Last updated June 2022
The Fair Labor Association (also referred to here as “FLA”, “we” or “us”) is a nonprofit organization headquartered at 2033 K Street NW, Suite 400, Washington, D.C. 20006, U.S.A. that combines the efforts of industry, civil society organizations, and colleges and universities to protect workers’ rights and improve working conditions worldwide by promoting adherence to international labor standards.
We may update this Policy at any time. Any changes to the Policy will become effective upon the date of our posting of the revised Policy on the Site. If the changes being made are material, we may notify you of the changes in a more prominent way, such as through an email. If you visit or use the Site following the effective date of the revised Policy, you will be deemed to have accepted the Policy’s updated terms.
I. What Information Does FLA Collect from You as a User?
The information we collect about you when you visit the Site includes any information you actively provide, such as when you give us your contact information, as well as information you authorize another to provide about you or that you provide passively simply by accessing the Site.

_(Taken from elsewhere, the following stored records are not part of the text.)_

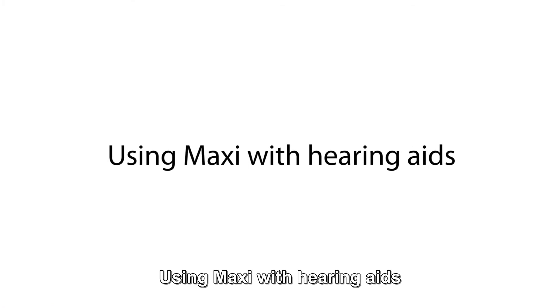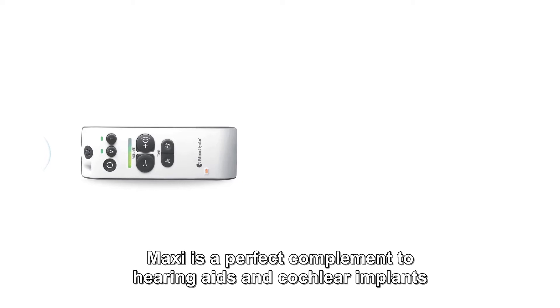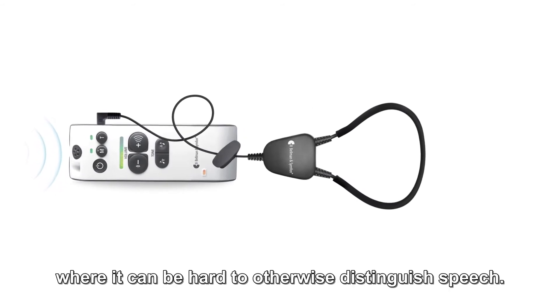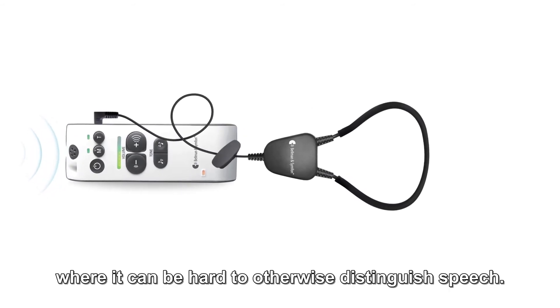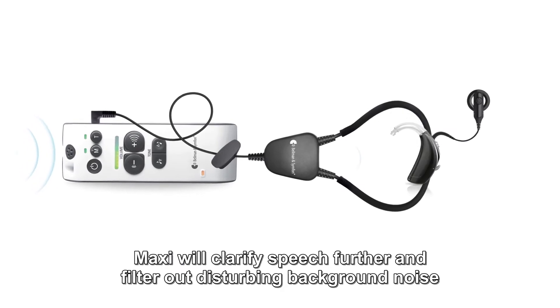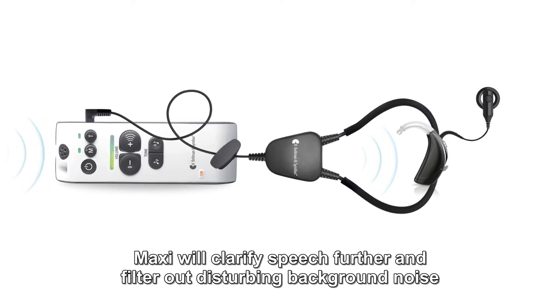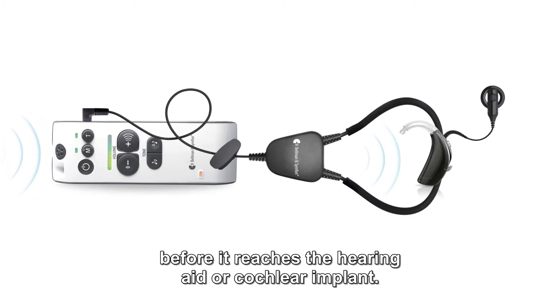Using Maxi with hearing aids. Maxi is a perfect complement to hearing aids and cochlear implants in situations with a lot of background noise, where it can be hard to otherwise distinguish speech. Maxi will clarify speech further and filter out disturbing background noise before it reaches the hearing aid or cochlear implant.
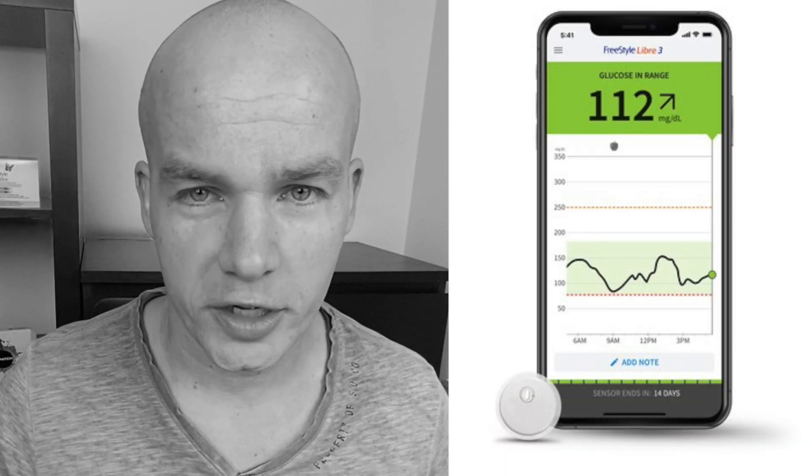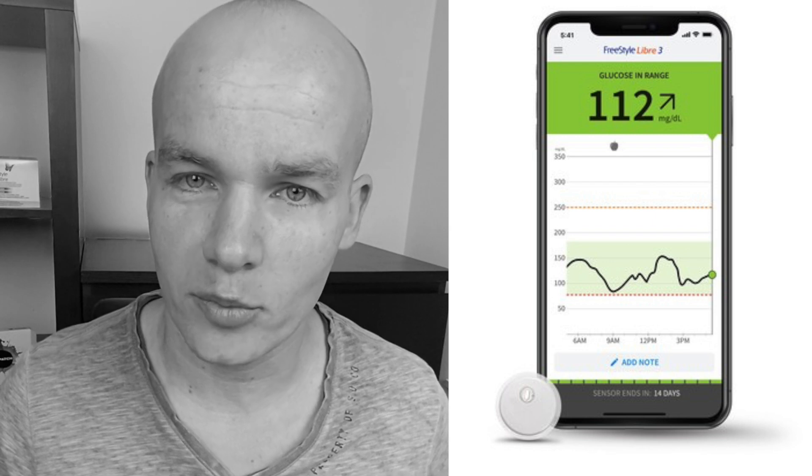Improvement number 3: the new Freestyle Libre 3 app. The design is exactly the same as the Libre Link app — they just added the number 3 in it. I expect the app will have similar functions to the Libre Link app, but I also hope there will be some new cool features connected with the fact that Freestyle Libre is now actually a CGM. The Freestyle Libre 3 app should be available on both Android and iOS, and the phones used with previous generations of Freestyle Libre should work with Libre 3 as well.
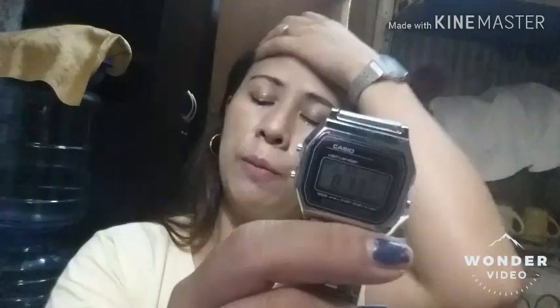I will put the steps in the description box one by one, so you will know how to change the settings. If you forget, you can follow all the steps there.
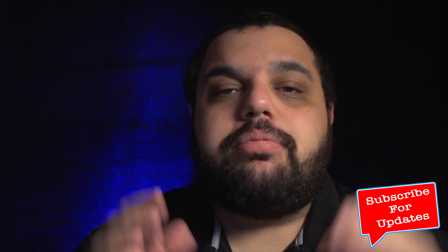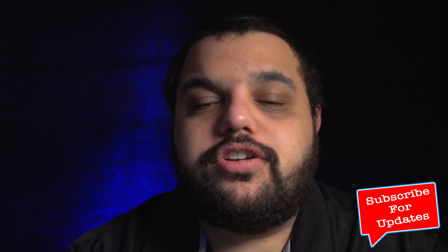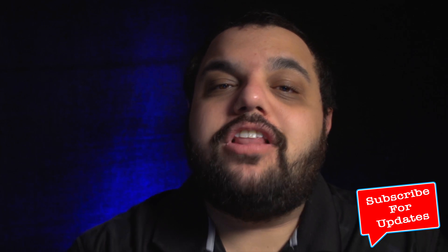Hey, what's going on samurais and welcome to today's video. Today I want to talk about live streaming — specifically how to connect your camera or your video switcher to your computer for live streaming. If you're brand new around here, make sure you go down and click that subscribe button. If you like today's video, smash that thumbs up button. If you have any questions, ask them in the comment section below.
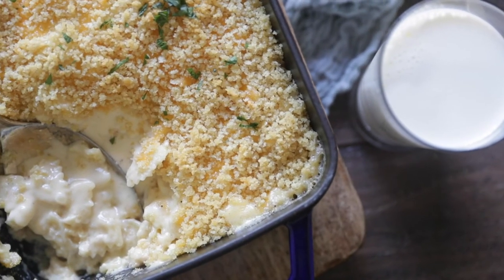Now we're baking at 350 degrees for 30 minutes. Such a delicious homemade macaroni and cheese recipe — I know you're gonna love this.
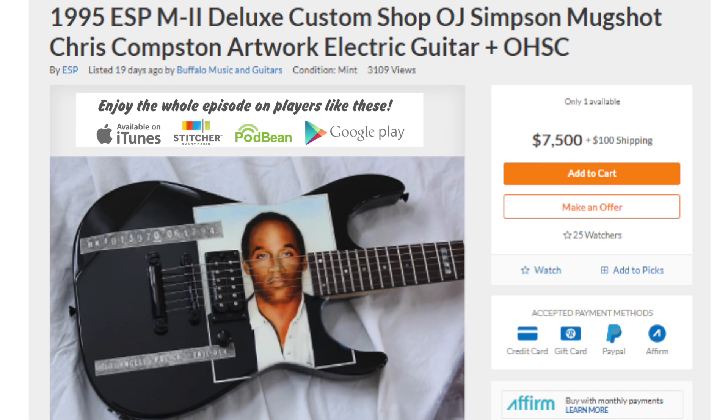This first ad was sent by Trey Jorgensen — actually sent by two or three different people. We carried this over from the last episode because we didn't get to it, and Nick wants to talk about it. This is a 1995 ESP M2 Deluxe custom shop guitar.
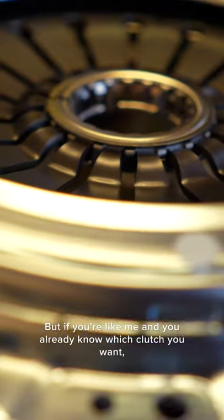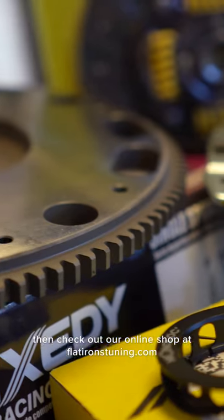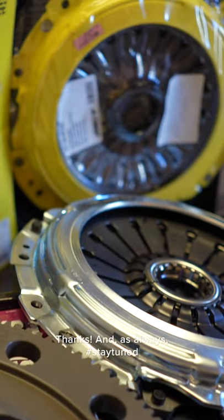But if you're like me and you already know which clutch you want, then check out our online shop at FlatironsTuning.com where we've got a bunch of different clutch and flywheel options ready to ship out today. Thanks, and as always, stay tuned.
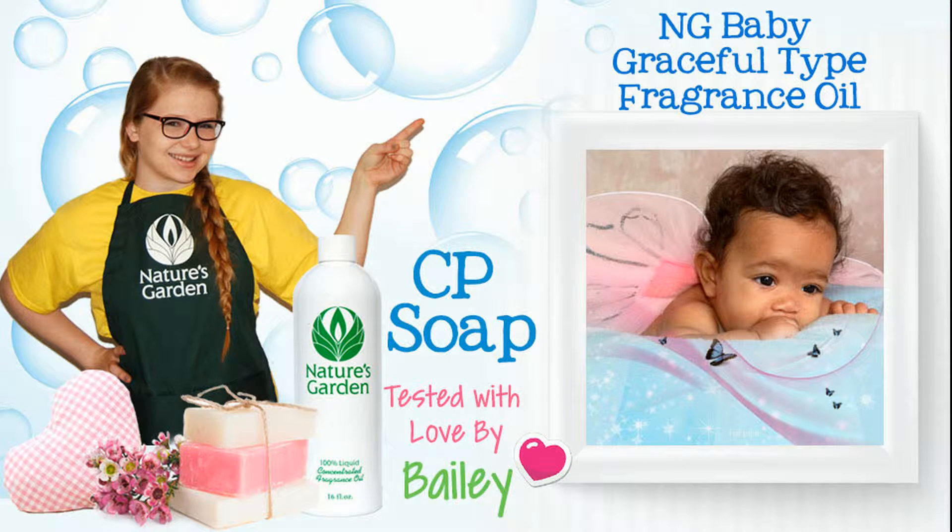Hi, I'm Bailey from Nature's Garden. Today I'll be testing fragrance oil in CP soap. Here's the recipe I'll be using.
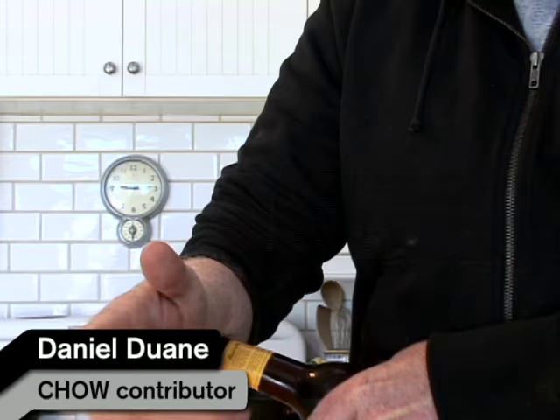I'm about to demonstrate the critical skill of opening a beer bottle with your forearm. Let's say you're trying to do the twist off, it's hurting your fingers, you can't take it, there's no towel to use.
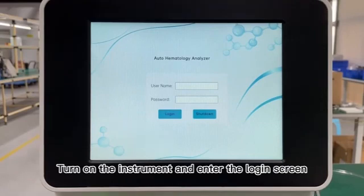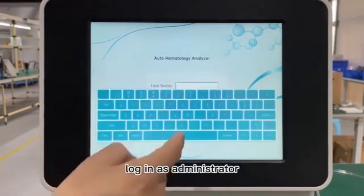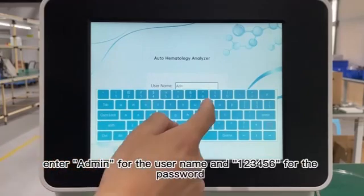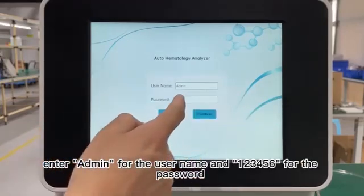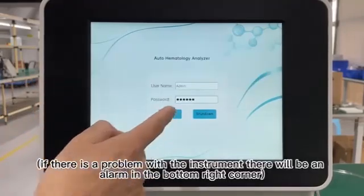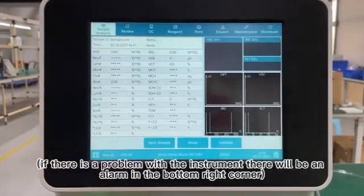17. Turn on the instrument and enter the login screen, login as administrator. Enter 'admin' for the username and '123456' for the password to enter the main analyzer interface. If there is a problem with the instrument, there will be an alarm in the bottom right corner.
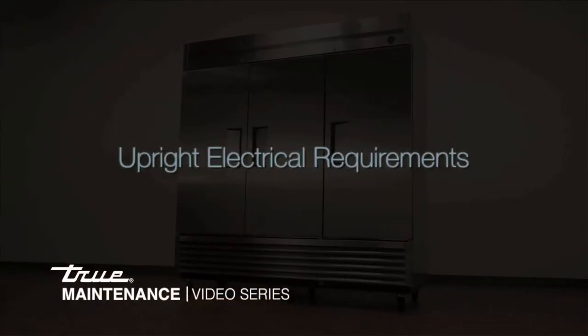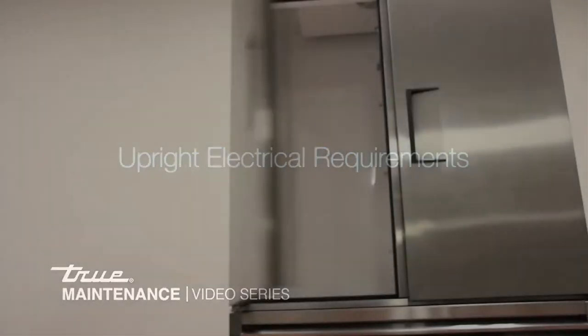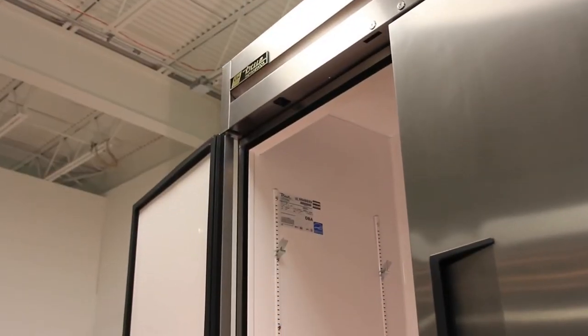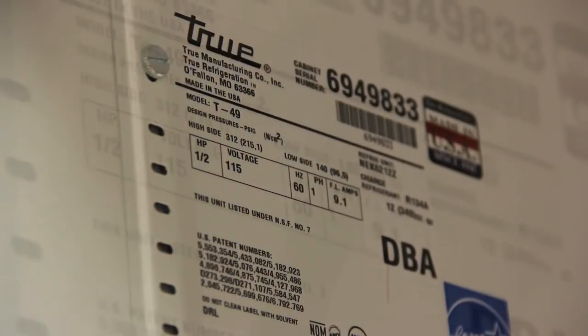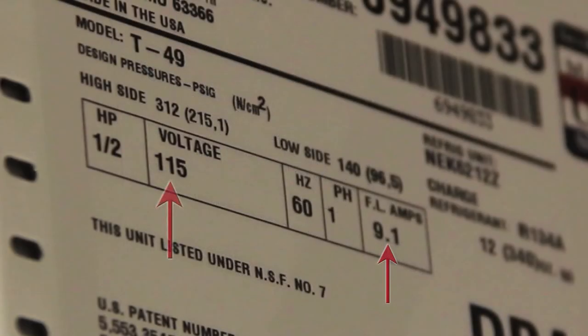It is very important to make sure you are giving your freezer or refrigerator the proper power it needs. On the left interior side wall of the cabinet you will find the serial number tag. Here you will find all the electrical information needed, such as amps and voltage.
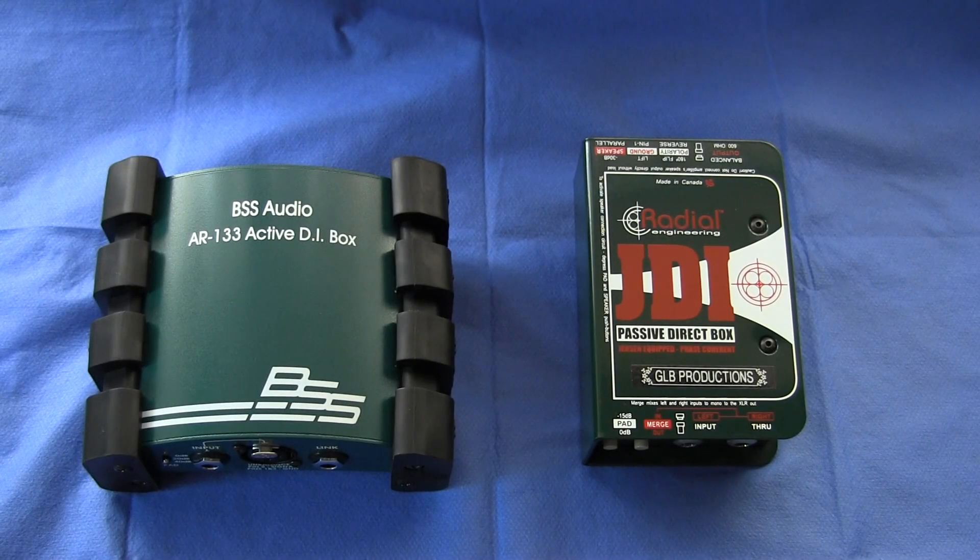Greetings, Bruno Luce here with GLB Productions. In this video we're going to discuss what does a DI box do and when do I need one. On the table in front of you you can see two DI boxes. On the left, previously reviewed, you have the BSS Audio AR-133, considered by many to be the industry standard for active DI boxes, and on the right you have the Jensen transformer-equipped Radial JDI direct box, considered by many one of the best passive direct boxes that money can buy.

COMMUNICATING WITH US. If you subscribe to our newsletter or contact us through the “Contact Us” page, you will be asked to provide your name and email address. If you wish to file a complaint regarding any noncompliance with the FLA Workplace Code of Conduct or Principles of Monitoring with respect to your workplace or the production facilities of any company, you will be asked to provide certain information in a Third Party Complaint Form, which may include your name, home address, email address, and phone number.
INFORMATION WE AUTOMATICALLY COLLECT. The information we collect that you provide passively by visiting our Site may include your internet protocol (IP) address, browser type and version, time zone setting and location, browser plug-in types and versions, operating system and platform, and other technology on the devices you use to access the Site.
Cookies are small data files that a website stores on the hard drive of the device through which a website user connects to the website and can recognize the user’s visits by identification of the computer or device used to access the Site. We use only first party cookies, namely cookies that are installed by the Site, and not third-party cookies that are installed by a different domain than the one the User visits.
II. How Does FLA Use the Information It Collects from You?
A. PII. We may use the PII that we collect about you for any or all of the following purposes:
1. To provide you with resources and services. We offer various resources and services that may be useful to you, and we may use your PII to provide you access to those resources and services, which may include webinars and training sessions.
2. To respond to your inquiries. If you pose questions to us or request information from us, whether by email, the “Contact Us” page, the Third Party Complaint Form or otherwise, we will use your PII to respond to you.
3. To offer you additional information. Once you have engaged with us, we want to provide you with information regarding our resources that may be of interest to you. We may use your PII to do that, such as, for example, by using your email address to email to you notices of additional services, only if you have subscribed to our newsletter or otherwise provided your email address or other contact information to us. Our email messages that encourage you to use our services will provide you with the opportunity to opt out of receiving additional marketing emails.
4. For our general business purposes. We use PII about you for our legitimate business purposes, such as to help us expand, refine and improve the Site and to tailor the Site more to your interests and needs, including by requesting feedback from you, and for related internal purposes such as data analysis and internal audits.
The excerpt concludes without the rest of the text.